Consumer groups are urging the Albanese government to adopt the toughest regulatory model on the table for the booming $16 billion Buy Now Pay Later sector, warning vulnerable Australians are foregoing essentials to meet mounting digital debts.
Assistant Treasurer Stephen Jones, who has pushed for greater scrutiny of the sector, on Monday launched a consultation for the new government’s proposed reforms that will capture the likes of Afterpay and Zip to protect around 7 million active users.
Three options have been canvassed, ranging from continued self-regulation of Buy Now Pay Later (BNPL) with a new “affordability test”, up to completely bringing the companies under the tougher rules for traditional credit providers.
A proposed middle ground would partly bring BNPL into the Credit Act, including licensing providers, and a sliding “unsuitability test” requiring providers to assess that “a BNPL credit is not unsuitable for a person”.
According to an options paper released by Treasury, BNPL transactions reached $16 billion last year, an increase of approximately 37 per cent on the previous financial year.
While the sector has surged, it has avoided the increased scrutiny, compliance and reporting requirements of traditional credit products. BNPL grew quickly from 2015 with little regulation and has operated under a self-regulatory Industry Code since 2021.
Nine providers have signed up to the code, including Afterpay, Klarna, Latitude and Zip, but there are notable providers that haven’t, including PayPal, the Commonwealth Bank and some smaller BNPL providers.
The Industry Code is not law and is not enforceable, with the BNPL sector declining an option to have the corporate regulator take an enforcement role. No penalties are paid for non-compliance with the code.
Yet to be published ASIC data referenced by Treasury shows 19 per cent of BNPL consumers surveyed cut back or went without essentials to make BNPL repayments on time.
23 per cent of BNPL users experienced one financial stress indicators; and 19 per cent experienced two or more stress indicators – similar levels to car financing and personal loans. Nearly a third report not fully understanding all the fees and charges of their BNPL arrangements.
“Many of the people using BNPL are on low, and sometimes, precarious incomes,” Financial Counselling Australia chief executive Fiona Guthrie said.
“While the amounts people borrow may look small, the impact when the debt cannot be paid is not. People are having to forgo other essential items in order to pay their BNPL debts.
“BNPL is credit, plain and simple, so it needs to be regulated in the same way as other credit products to provide people with adequate safeguards.”
Assistant Treasurer Stephen Jones said the government wants to consult genuinely on reforms but flagged at least some changes.
“Things like credit checks, things like ensuring that these products are appropriately marketed at the right group of people — I think is a minimum standard that we can expect,” he told Sky News Monday.
“But we’re not serving up a cooked meal.
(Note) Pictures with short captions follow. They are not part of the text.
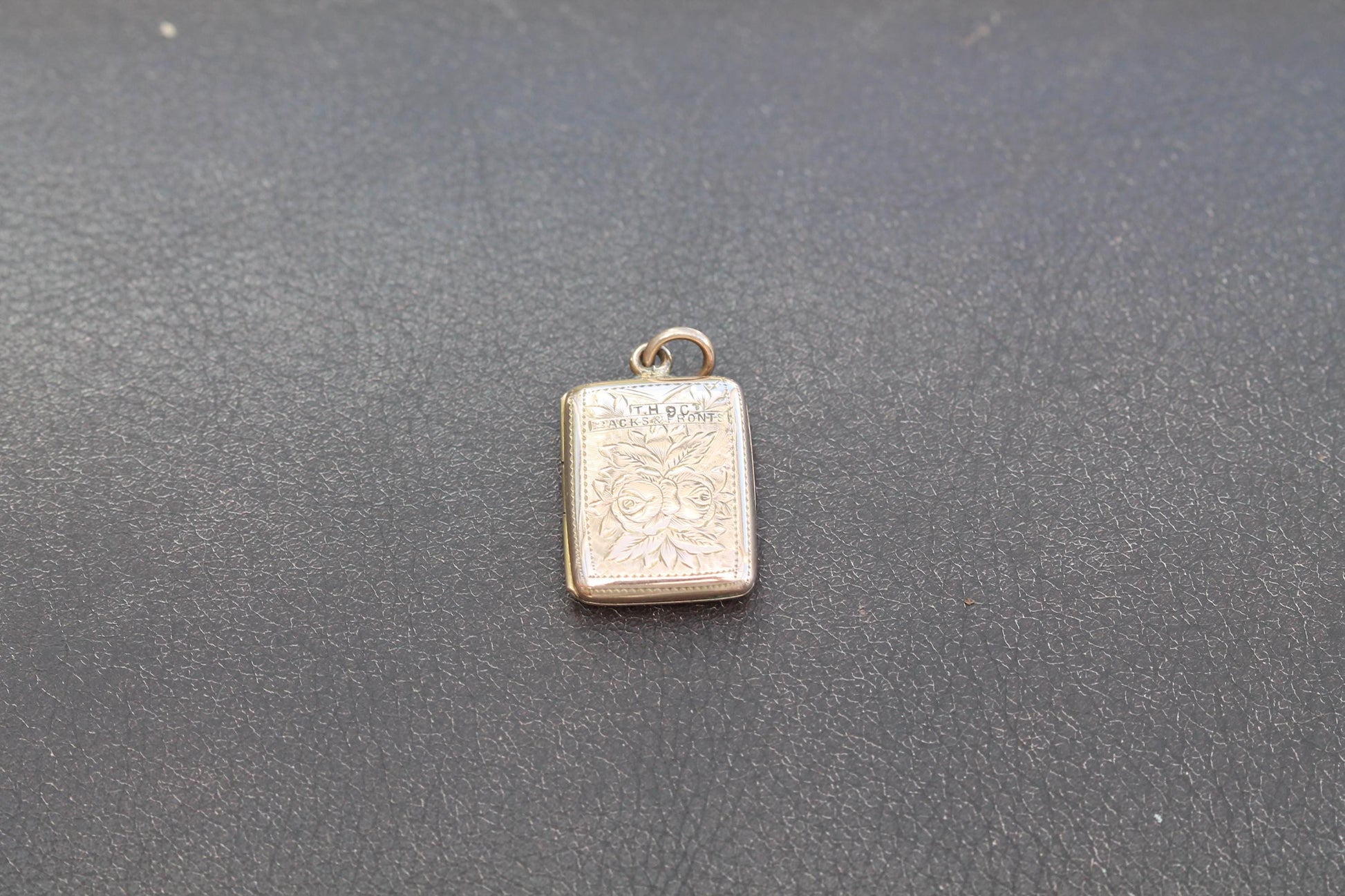 Antique-9ct-Gold-Forget-Me-Not,-Tulip-Locket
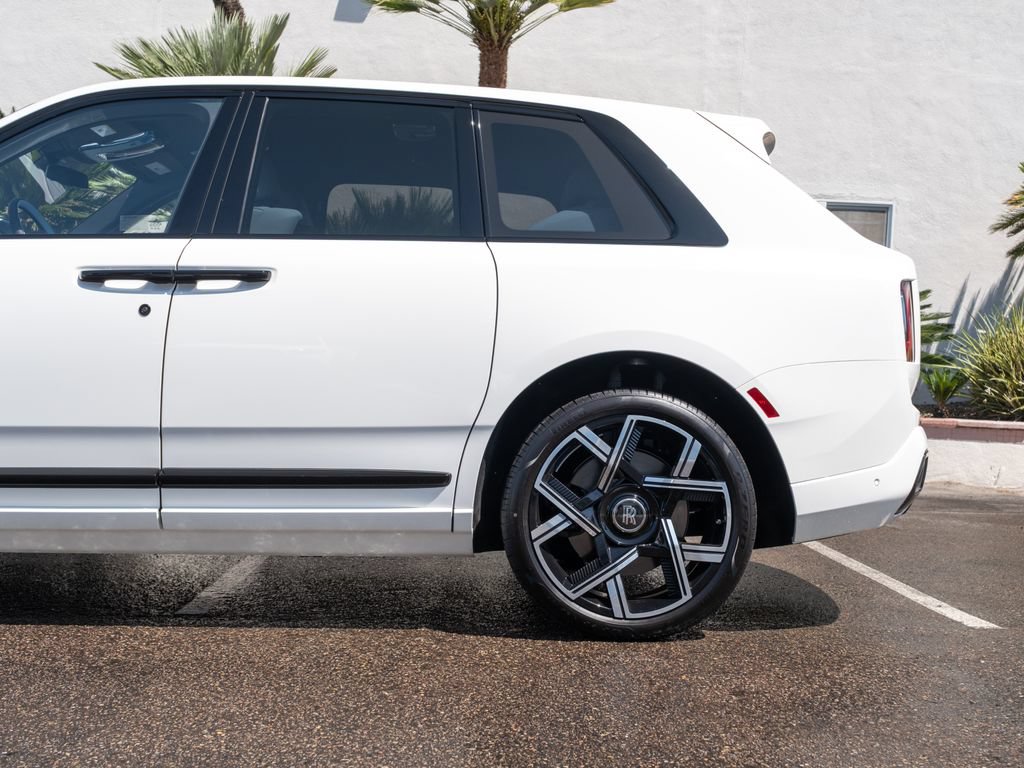 New 2027 Rolls-Royce Cullinan Black Badge AWD/4WD image 39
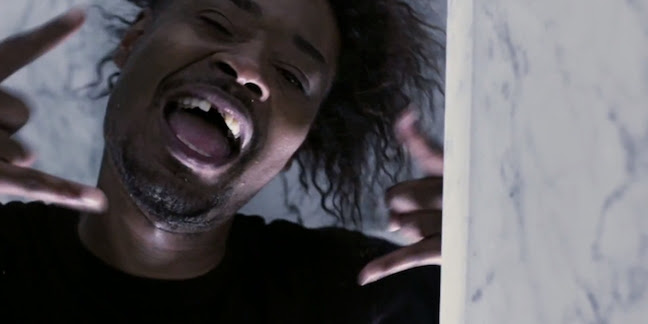 Video: Danny Brown: "Dip"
We want to have a genuine consultation.”
Mr Jones would not set a timeframe before a government decision on the three approaches, but expects one to be made within a year.
Only the toughest option– treating BNPL like traditional credit – will adequately address harm, a coalition of consumer groups say.
“Financial distress is just so clear in calls to financial counsellors at Consumer Action,” the organisation’s chief executive Gerard Brody said.
“Often we’re hearing from people with multiple accounts, with repayments coming out of their accounts at different times, meaning that they lose financial control. BNPL and wage advance services don’t help people budget, they make it harder.”
Financial Counselling Australia earlier this year published an open letter signed by 120 organisations urging the Parliament to make BNPL products safer after fielding mounting cases of financial hardship involving BNPL.
The debate about whether BNPL is credit is over, according to Consumer Credit Legal Centre WA, principal solicitor Roberta Grealish.
“It is credit and must be regulated as other credit products are – without distinction,” she said.
“The new legislation must close the loopholes. We all know that unscrupulous providers thrive in the grey areas, so we can’t have any carve-outs. Payday lenders have to do responsible lending checks and they also lend small amounts. It is hard to argue that BNPL providers shouldn’t be held to the same standard.”